Like many people, I eat a lot of tomato-based foods throughout the year. Spaghetti sauce and chili are my two biggest menu items in that respect. And just try finding canned tomato products locally! Even the locally-manufactured sauce is made from California tomatoes, and none of them have quite the taste I'm looking for.

Thus the Great Tomato Sauce debacle. I made one batch of sauce from scratch to go with some meatballs not too long ago, and it tasted pretty good. I based it off of this recipe here, minus the meat and with fresh basil and tomatoes. (When using fresh herbs, just multiply by three - one teaspoon dry is the equivalent to one tablespoon fresh.) I added extra sugar to make up for the corn syrup that's in all the canned tomatoes, and guess what I learned? They must add that either because they use lesser-quality tomatoes (likely) or they develop a funny taste once canned (thoroughly possible). Fresh tomatoes do not need it.

So I bought some canning tomatoes with an eye towards freezing some of this sauce. I ran them through the food processor and cooked them up on the stove for a few hours. I learned from my friend Maria that I got that backwards - she cooks them in the crockpot for a bit and then chops them, which I later found allowed for draining the excess liquid off of them first. Why is that important? Well, when the sauce was fresh and accompanied by meatballs, it was delicious in its natural state. When it'd been frozen, thawed, and served over pasta? It was extremely watery. Sigh. I bought cans of tomato paste to help fix that the next time I thaw some.

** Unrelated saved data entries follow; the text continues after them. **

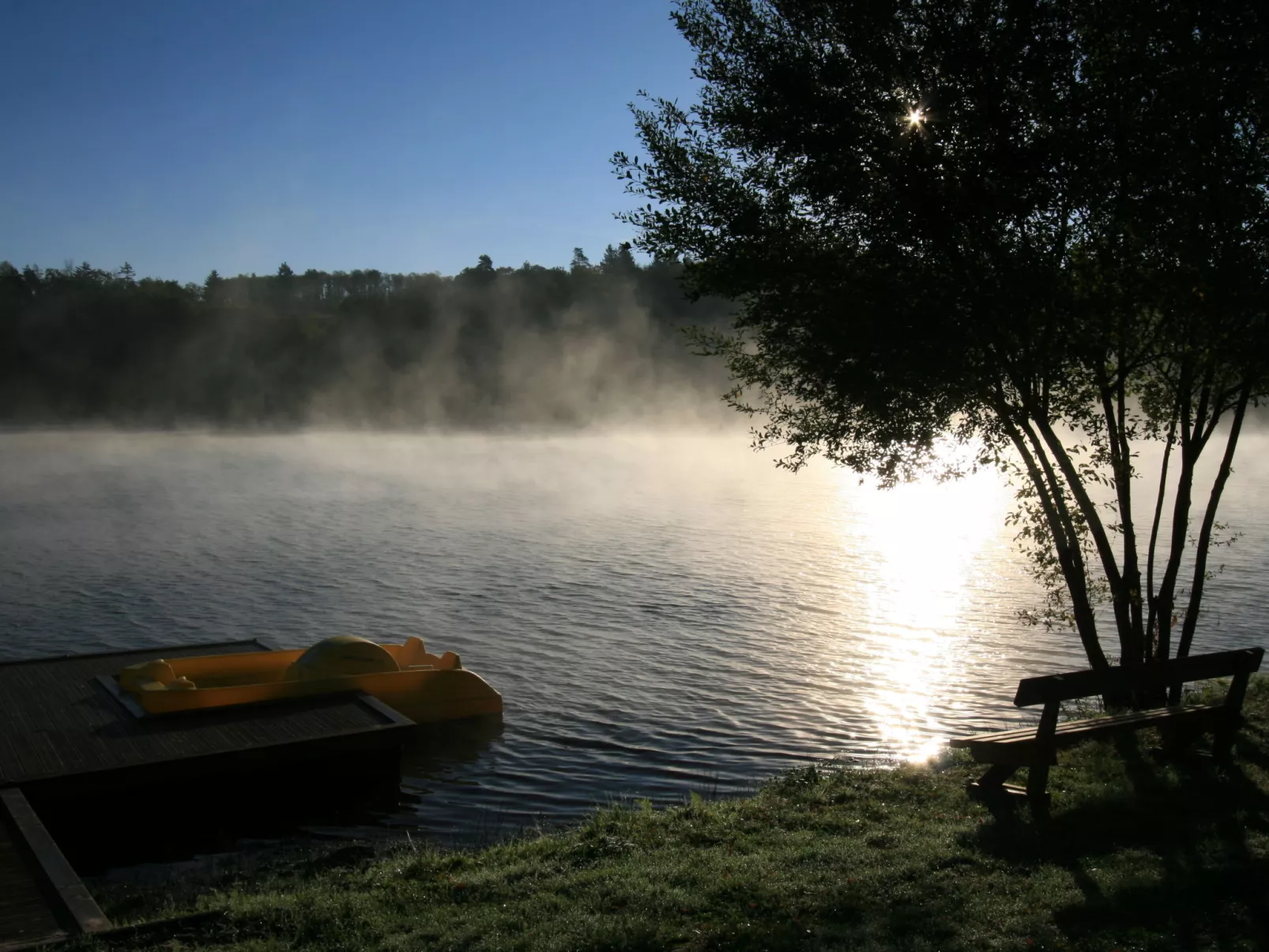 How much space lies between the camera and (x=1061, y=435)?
4547cm

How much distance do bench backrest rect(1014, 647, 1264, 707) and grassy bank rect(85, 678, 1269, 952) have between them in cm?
86

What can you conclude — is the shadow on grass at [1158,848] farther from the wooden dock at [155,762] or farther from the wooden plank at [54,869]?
the wooden dock at [155,762]

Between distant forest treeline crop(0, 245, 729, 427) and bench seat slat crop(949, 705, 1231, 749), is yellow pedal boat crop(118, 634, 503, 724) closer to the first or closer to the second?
bench seat slat crop(949, 705, 1231, 749)

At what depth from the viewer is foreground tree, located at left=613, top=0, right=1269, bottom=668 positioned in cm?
1120

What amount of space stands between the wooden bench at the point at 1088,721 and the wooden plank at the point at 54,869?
264 inches

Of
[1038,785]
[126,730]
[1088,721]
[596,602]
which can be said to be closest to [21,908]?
[126,730]

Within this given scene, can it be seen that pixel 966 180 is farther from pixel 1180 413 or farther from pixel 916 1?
pixel 1180 413

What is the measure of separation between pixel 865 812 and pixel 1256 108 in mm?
7826

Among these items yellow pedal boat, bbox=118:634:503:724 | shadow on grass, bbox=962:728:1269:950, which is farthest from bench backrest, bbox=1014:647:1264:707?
yellow pedal boat, bbox=118:634:503:724

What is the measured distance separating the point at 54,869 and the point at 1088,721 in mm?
8527

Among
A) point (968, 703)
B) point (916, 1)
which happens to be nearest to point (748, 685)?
point (968, 703)

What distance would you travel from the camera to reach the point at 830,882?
7.49 meters

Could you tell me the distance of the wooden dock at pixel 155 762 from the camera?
1117 centimetres

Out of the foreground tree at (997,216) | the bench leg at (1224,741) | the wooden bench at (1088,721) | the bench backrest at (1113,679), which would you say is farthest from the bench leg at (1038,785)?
the foreground tree at (997,216)
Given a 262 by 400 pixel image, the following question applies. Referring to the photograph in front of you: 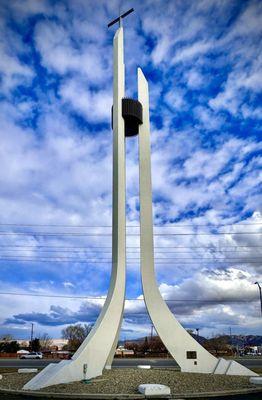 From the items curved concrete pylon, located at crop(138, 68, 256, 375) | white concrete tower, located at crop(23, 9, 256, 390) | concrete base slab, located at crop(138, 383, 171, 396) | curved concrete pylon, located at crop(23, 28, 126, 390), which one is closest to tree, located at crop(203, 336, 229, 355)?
curved concrete pylon, located at crop(138, 68, 256, 375)

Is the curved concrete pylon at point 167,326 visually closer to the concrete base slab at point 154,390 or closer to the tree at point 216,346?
the concrete base slab at point 154,390

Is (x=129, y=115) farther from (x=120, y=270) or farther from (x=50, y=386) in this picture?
(x=50, y=386)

The other problem was one of proportion. I tried to get by with estimates of the quantity of crushed tomatoes I was starting with. I based it on the 6-quart size of the pots and the fact that they were filled to the brim. No dice! I actually had quite a bit less than I thought. I ended the process (after ages of chopping garlic, tomatoes, and green peppers, immensely smelly hands and kitchen equipment, and tomato splatter everywhere) with concentrated sauce that needs dilution with more crushed tomatoes. Next time, I'll be sure to remember that measuring, while a huge pain in the butt, is worth the effort.

So with these lessons learned, I couldn't help stopping today for some more canners. They were more expensive than what I get at the farmer's market, but they were available now. So I bought them anyway. Right now, I've got two crockpots going with them plus the dehydrator. (I squeezed the juice and seeds out before slicing them thickly and putting them in the dehydrator trays.) I read in the manual for the dehydrator that you can crush up the dried tomatoes in a food processor and use them like tomato paste. Which of course I'll need desperately sometime in the future. It'll be nice to have a local source.